#### [Input for this task]
Segment Open
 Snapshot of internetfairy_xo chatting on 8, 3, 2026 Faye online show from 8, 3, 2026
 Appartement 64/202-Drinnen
Segment Closed
Segment Open
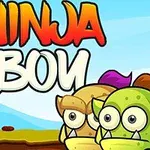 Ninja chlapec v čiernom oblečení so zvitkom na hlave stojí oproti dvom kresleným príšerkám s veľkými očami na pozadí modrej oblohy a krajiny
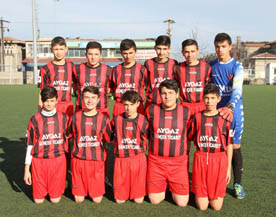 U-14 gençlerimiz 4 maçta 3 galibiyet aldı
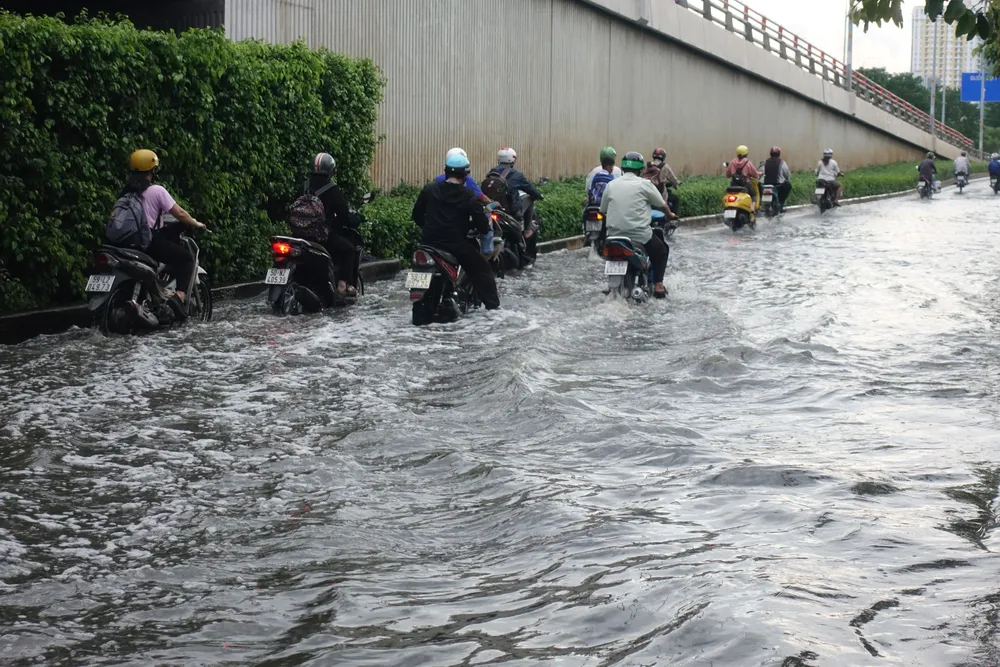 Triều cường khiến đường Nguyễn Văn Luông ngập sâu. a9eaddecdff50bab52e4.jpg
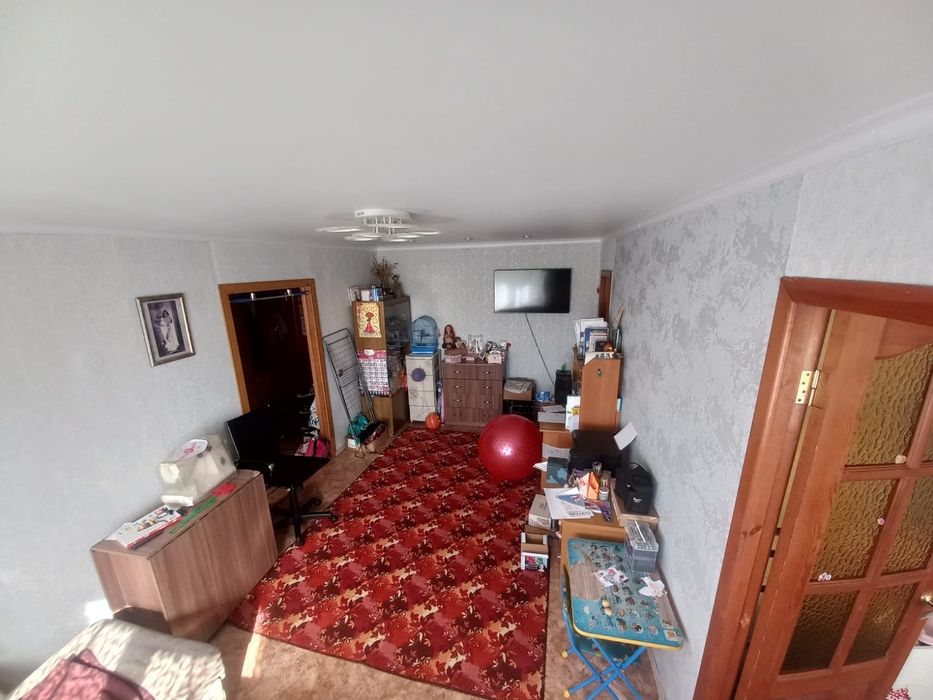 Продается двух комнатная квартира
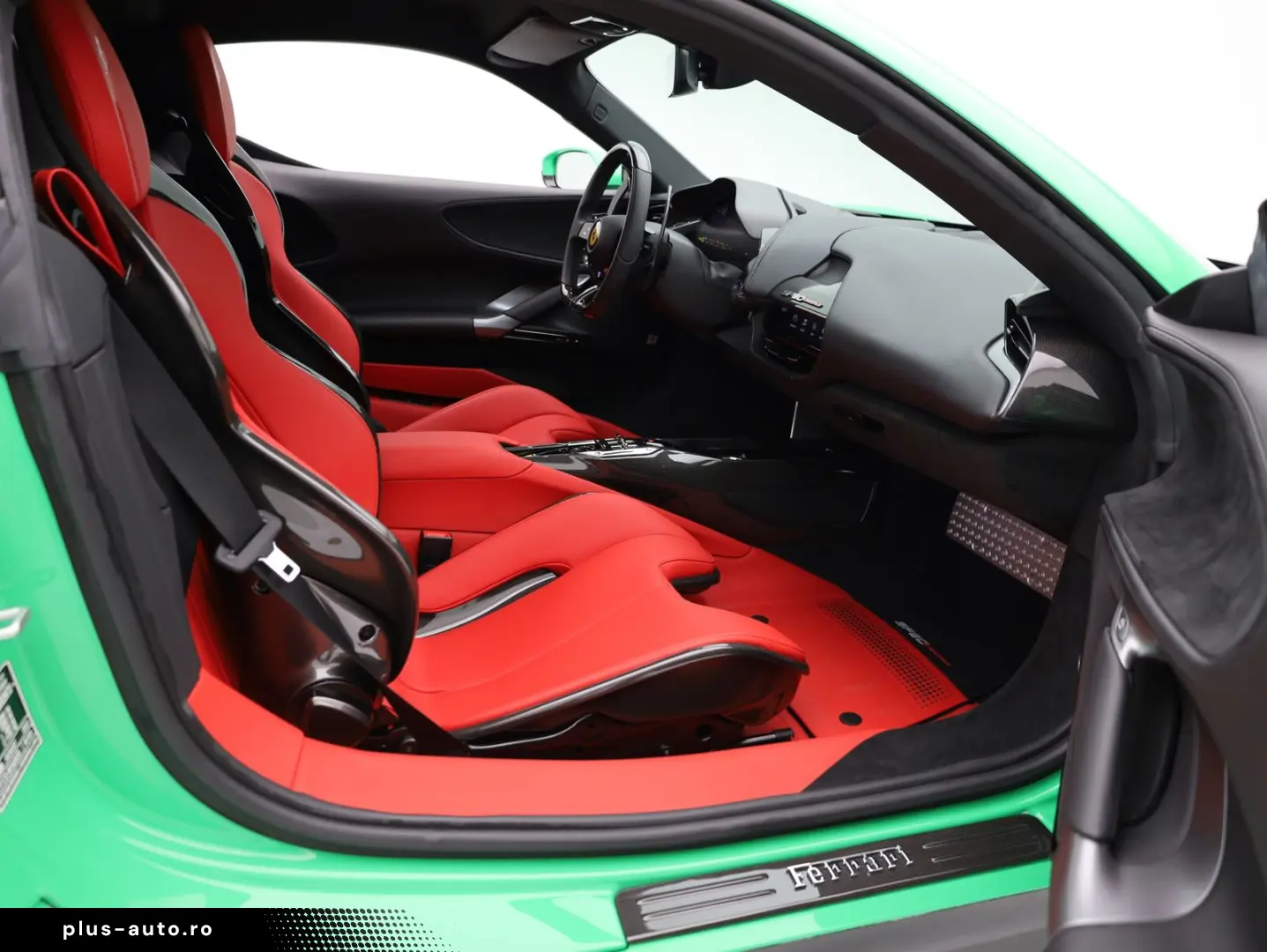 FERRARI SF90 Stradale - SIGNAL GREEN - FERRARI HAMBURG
Segment Closed
#### [Problem statement]
Could you output exactly the lines above, from the line with "Ninja chlapec v" up to and including the line with "FERRARI SF90 Stradale", and nothing else, skipping the pictures?

#### [Exercise answer]
 Ninja chlapec v čiernom oblečení so zvitkom na hlave stojí oproti dvom kresleným príšerkám s veľkými očami na pozadí modrej oblohy a krajiny
 U-14 gençlerimiz 4 maçta 3 galibiyet aldı
 Triều cường khiến đường Nguyễn Văn Luông ngập sâu. a9eaddecdff50bab52e4.jpg
 Продается двух комнатная квартира
 FERRARI SF90 Stradale - SIGNAL GREEN - FERRARI HAMBURG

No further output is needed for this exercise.